What the task asks: Reproduce each entry exactly, so that everything except the pictures is carried over.

##### Supplied data #####

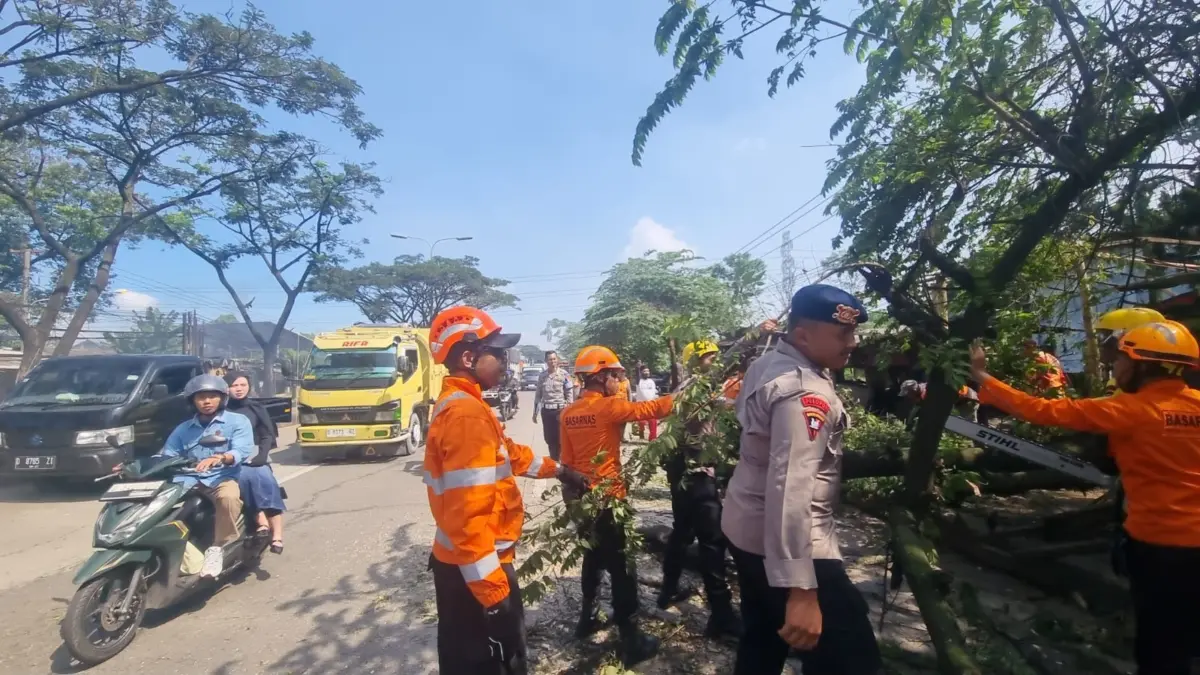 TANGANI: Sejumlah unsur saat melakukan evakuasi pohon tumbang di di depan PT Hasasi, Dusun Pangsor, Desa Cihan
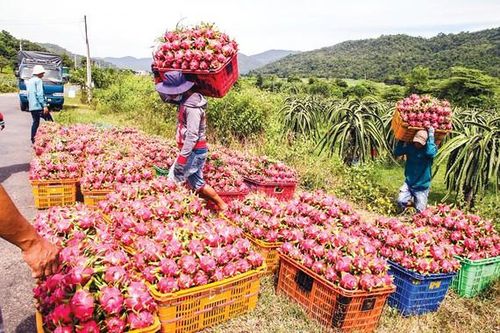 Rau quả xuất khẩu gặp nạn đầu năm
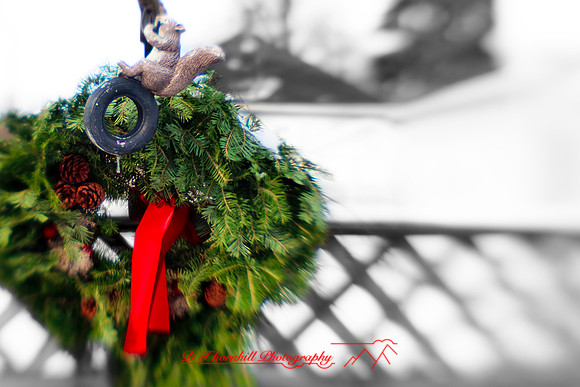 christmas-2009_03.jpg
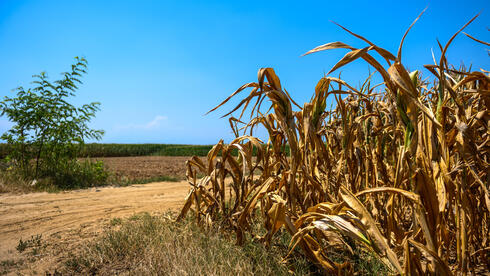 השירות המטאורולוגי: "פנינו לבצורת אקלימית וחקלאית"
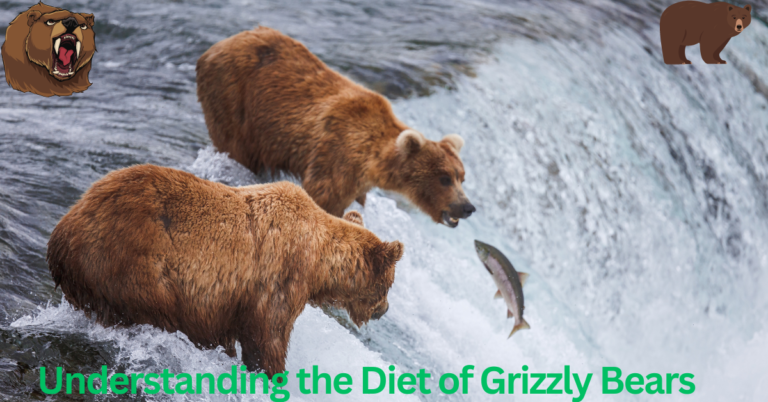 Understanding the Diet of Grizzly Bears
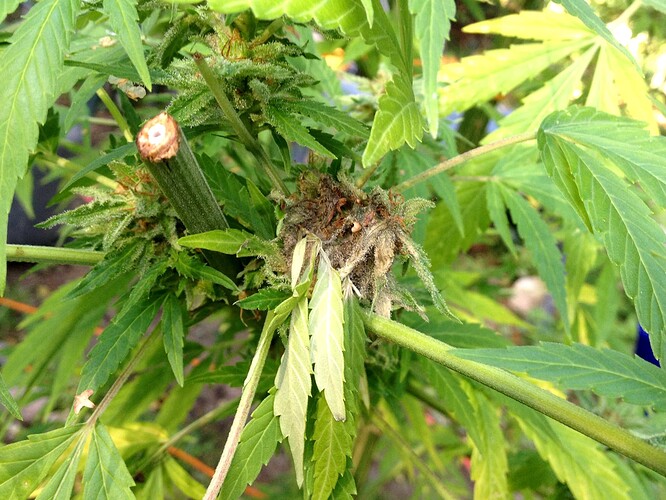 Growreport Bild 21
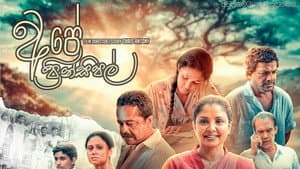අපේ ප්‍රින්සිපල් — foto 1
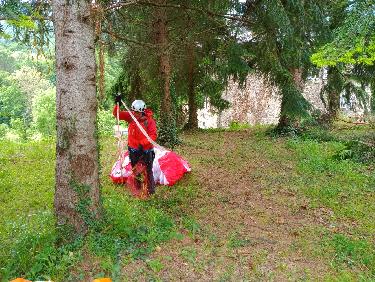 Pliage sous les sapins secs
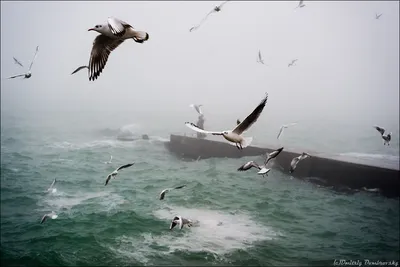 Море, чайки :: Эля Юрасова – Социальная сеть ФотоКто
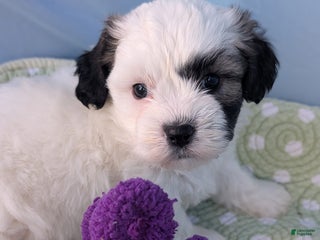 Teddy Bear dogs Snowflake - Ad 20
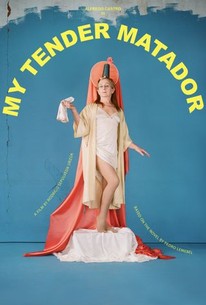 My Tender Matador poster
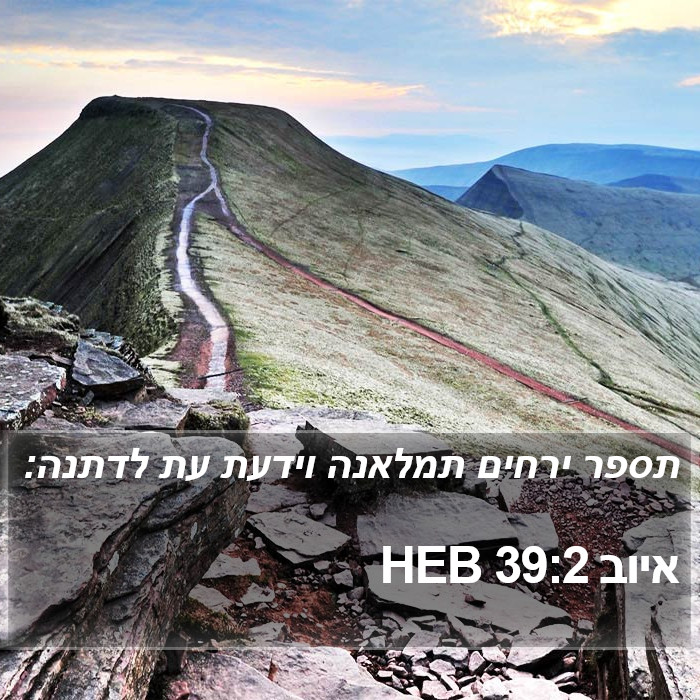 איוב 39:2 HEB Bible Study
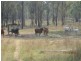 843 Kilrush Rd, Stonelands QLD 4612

#####

Response:
 TANGANI: Sejumlah unsur saat melakukan evakuasi pohon tumbang di di depan PT Hasasi, Dusun Pangsor, Desa Cihan
 Rau quả xuất khẩu gặp nạn đầu năm
 christmas-2009_03.jpg
 השירות המטאורולוגי: "פנינו לבצורת אקלימית וחקלאית"
 Understanding the Diet of Grizzly Bears
 Growreport Bild 21
අපේ ප්‍රින්සිපල් — foto 1
 Pliage sous les sapins secs
 Море, чайки :: Эля Юрасова – Социальная сеть ФотоКто
 Teddy Bear dogs Snowflake - Ad 20
 My Tender Matador poster
 איוב 39:2 HEB Bible Study
 843 Kilrush Rd, Stonelands QLD 4612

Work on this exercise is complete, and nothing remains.